_EXERCISE BRIEF_
Below are records to be transcribed exactly; any pictures should be left out.

_GIVEN RECORDS_
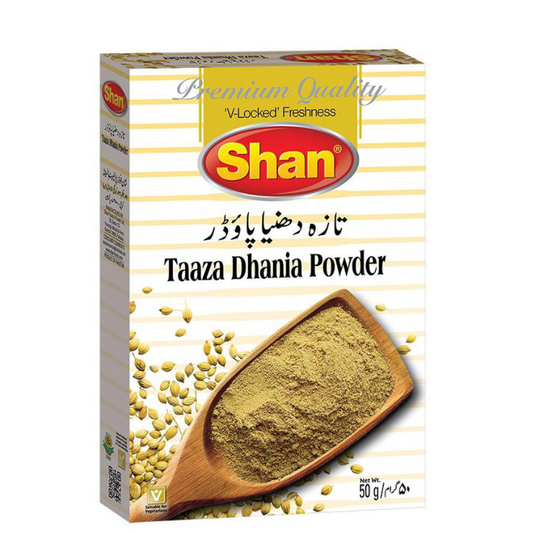 Shan Taaza Dhania Powder 50Gm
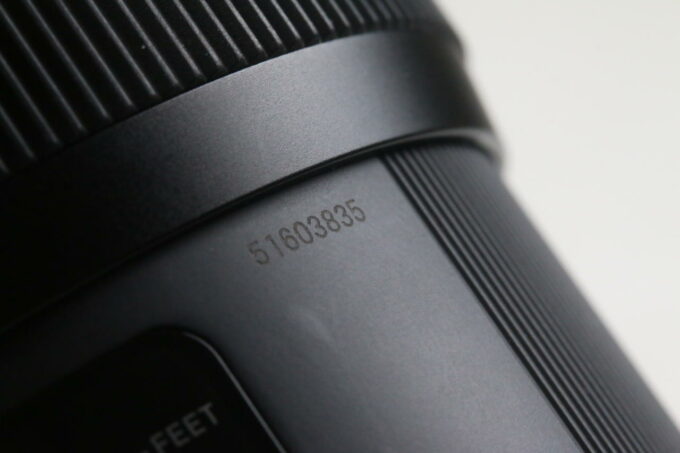 Sigma 20mm f/1,4 DG HSM Art für Nikon F - #51603835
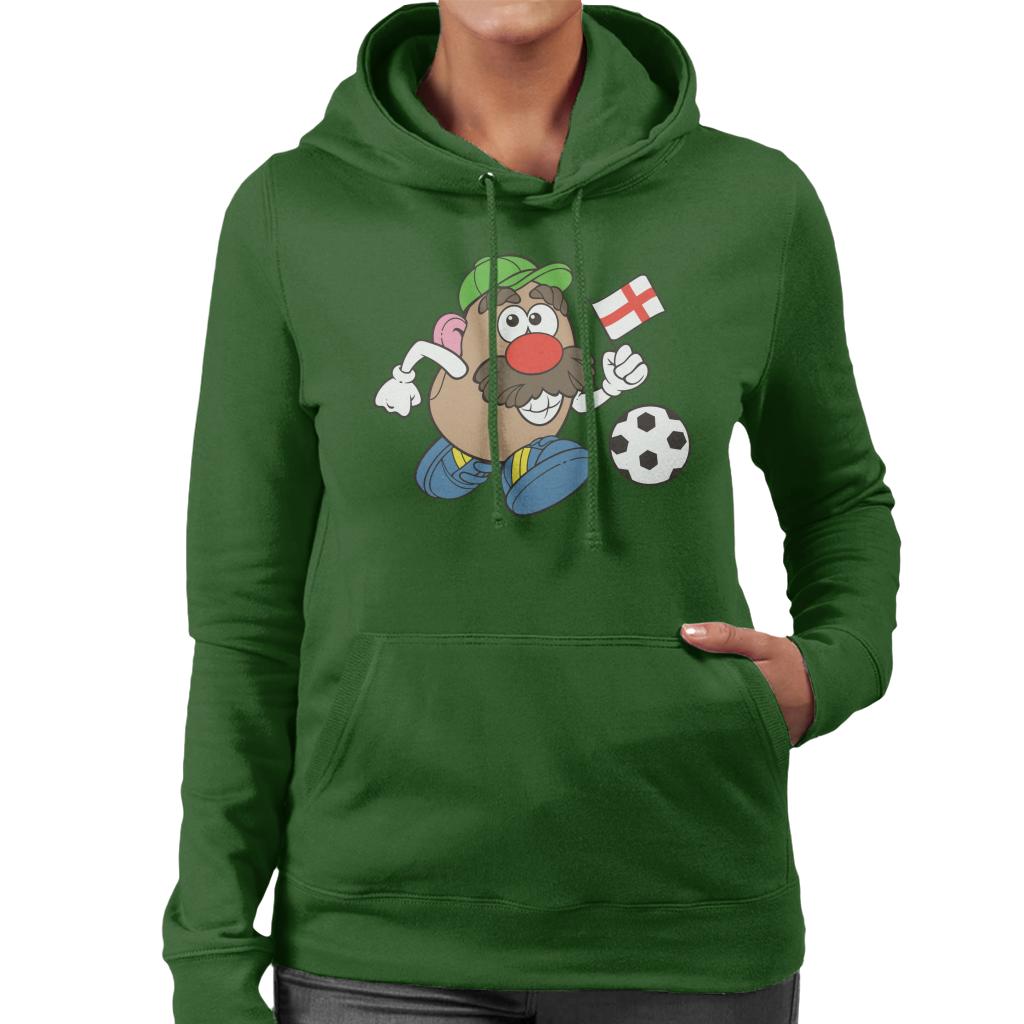 Mr Potato Head Football Dribble Women's Hooded Sweatshirt product image 6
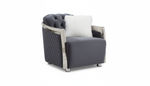 Franco Velvet Tufted Sofa Set - GL 6317 - Royal Living Furniture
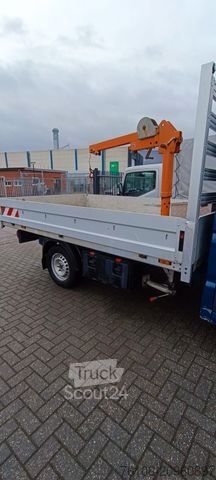 Пікап-фургон MAN TGE 3.180 Pristche mit Kran *Doppelkabine*Ahk*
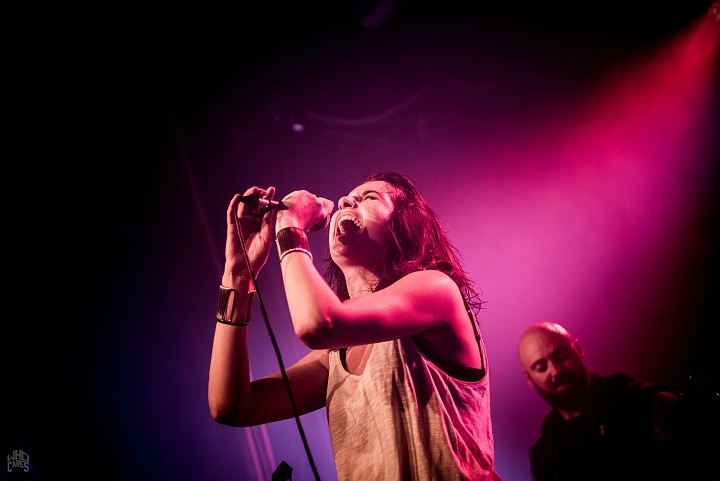 Spoil Engine @ Club de B Torhout, picture 31, photographed by Luc Luyten - FrontView Magazine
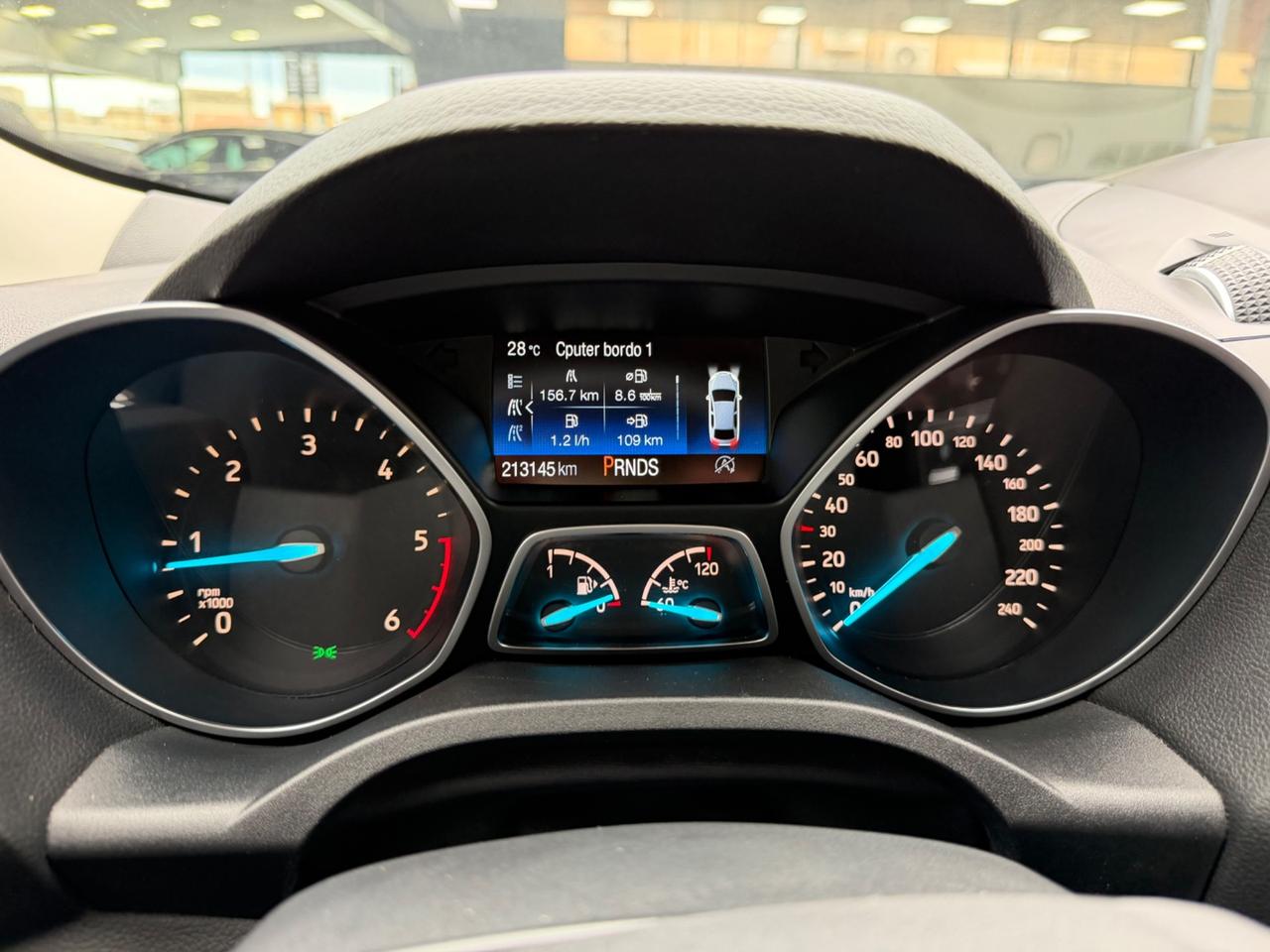 Ford Kuga 1.5 TDCI 120 CV Powershift Titanium 2018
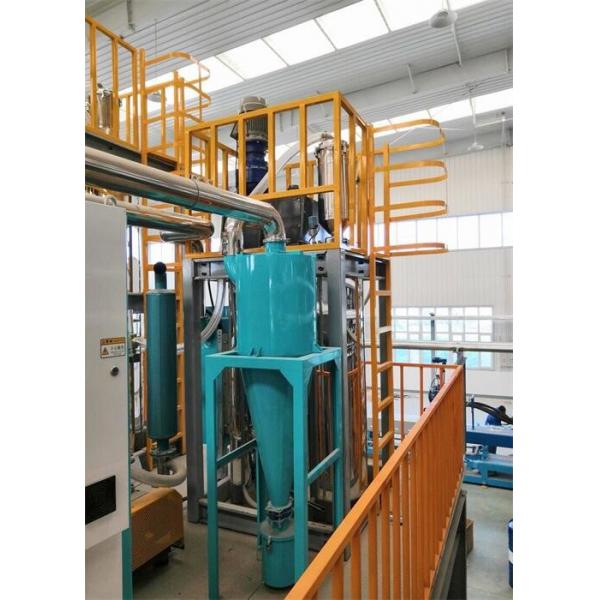 Quality OCR-160 PET Crystallizing Dryer Machine For PLA PA TPU Sticky Regrind Material for sale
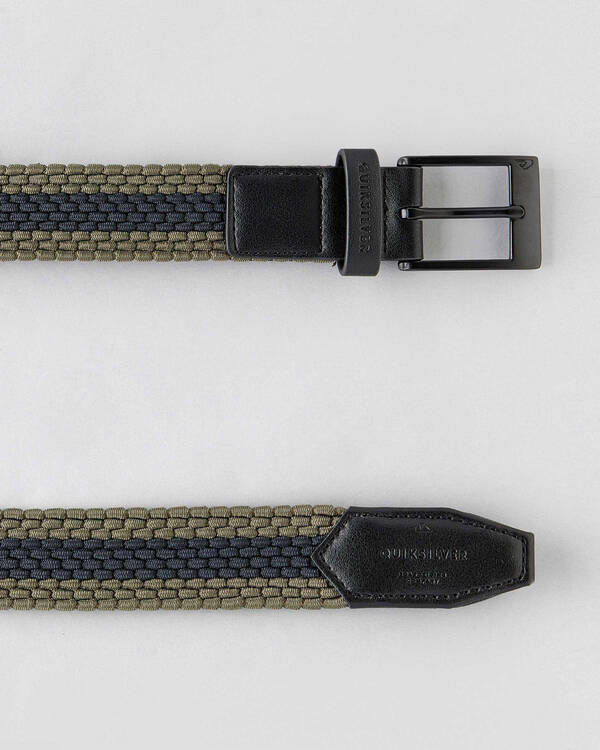 Quiksilver Plaitary Belt for Mens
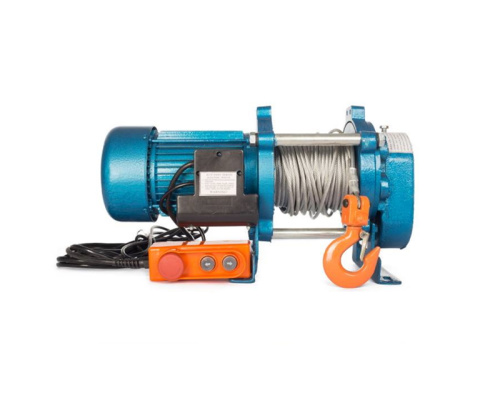 Лебедка электрическая  300 кг  30 м с канатом 220 В TOR KCD (N) по ценам производителя в Воронеже с доставкой по всей России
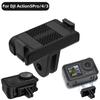 Magnetic Quick Release For DJI Action 5Pro/4/3 Adapter Base Tripod Adapter Osmo Action 5 PRO 4 3 Camera Accessories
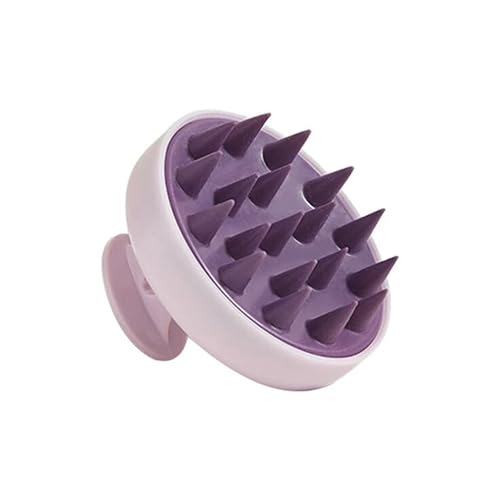 Massageador capilar de silicone - Sortido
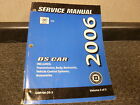 2006 Cadillac STS Sedan Shop Service Transmission Repair Manual V6 V8 3.6L 4.6L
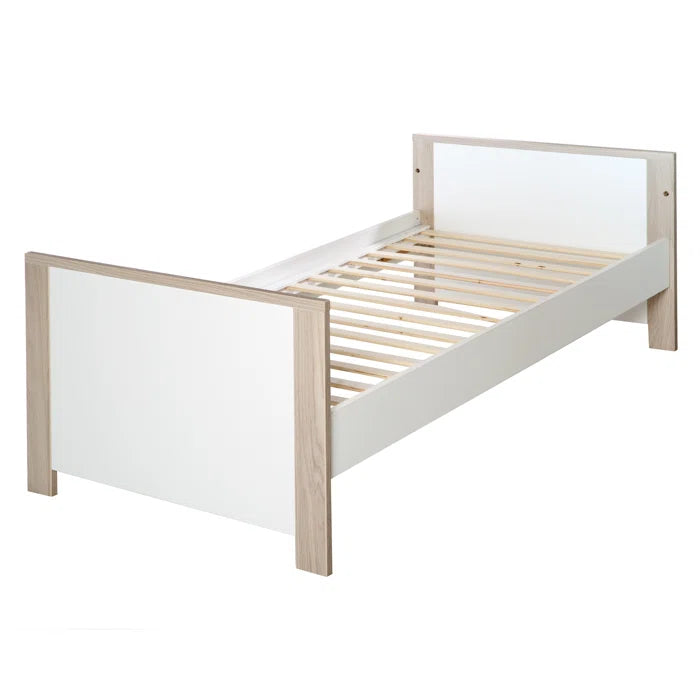 Deluxe 3 Piece Cot Set by roba - White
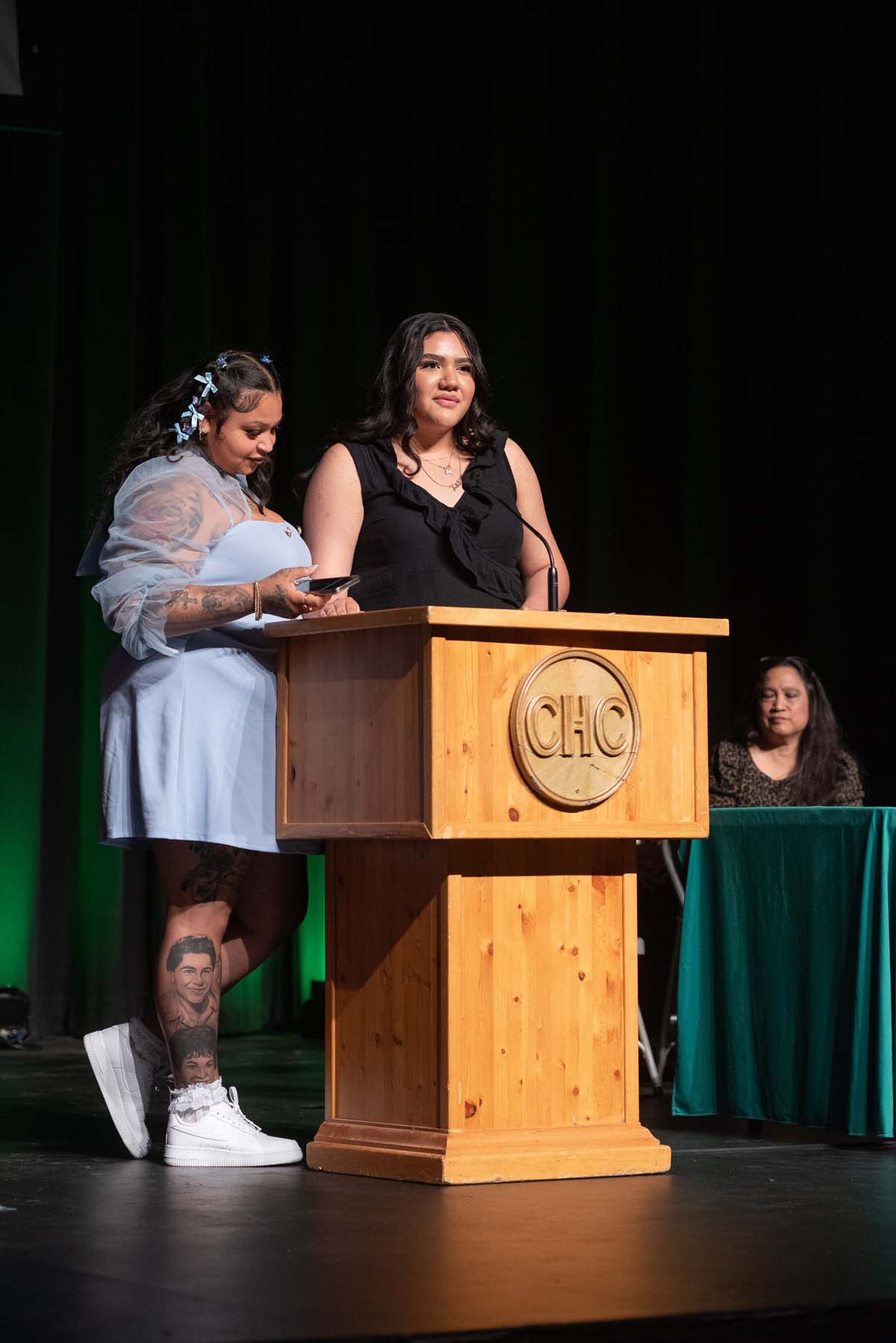 Nursing Services graduation ceremony at CHC.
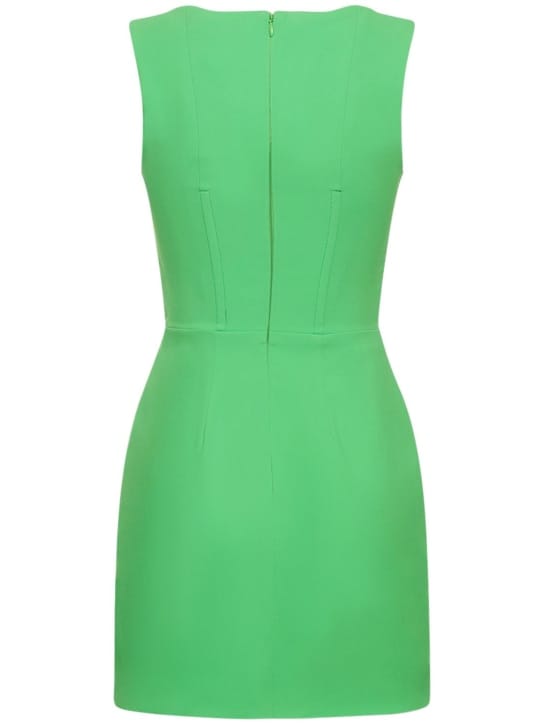 Giuseppe Di Morabito: Vestido corto bustier con escote cuadrado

_SOLUTION BELOW_
 Shan Taaza Dhania Powder 50Gm
 Sigma 20mm f/1,4 DG HSM Art für Nikon F - #51603835
 Mr Potato Head Football Dribble Women's Hooded Sweatshirt product image 6
 Franco Velvet Tufted Sofa Set - GL 6317 - Royal Living Furniture
 Пікап-фургон MAN TGE 3.180 Pristche mit Kran *Doppelkabine*Ahk*
 Spoil Engine @ Club de B Torhout, picture 31, photographed by Luc Luyten - FrontView Magazine
 Ford Kuga 1.5 TDCI 120 CV Powershift Titanium 2018
 Quality OCR-160 PET Crystallizing Dryer Machine For PLA PA TPU Sticky Regrind Material for sale
 Quiksilver Plaitary Belt for Mens
 Лебедка электрическая  300 кг  30 м с канатом 220 В TOR KCD (N) по ценам производителя в Воронеже с доставкой по всей России
 Magnetic Quick Release For DJI Action 5Pro/4/3 Adapter Base Tripod Adapter Osmo Action 5 PRO 4 3 Camera Accessories
 Massageador capilar de silicone - Sortido
 2006 Cadillac STS Sedan Shop Service Transmission Repair Manual V6 V8 3.6L 4.6L
 Deluxe 3 Piece Cot Set by roba - White
 Nursing Services graduation ceremony at CHC.
 Giuseppe Di Morabito: Vestido corto bustier con escote cuadrado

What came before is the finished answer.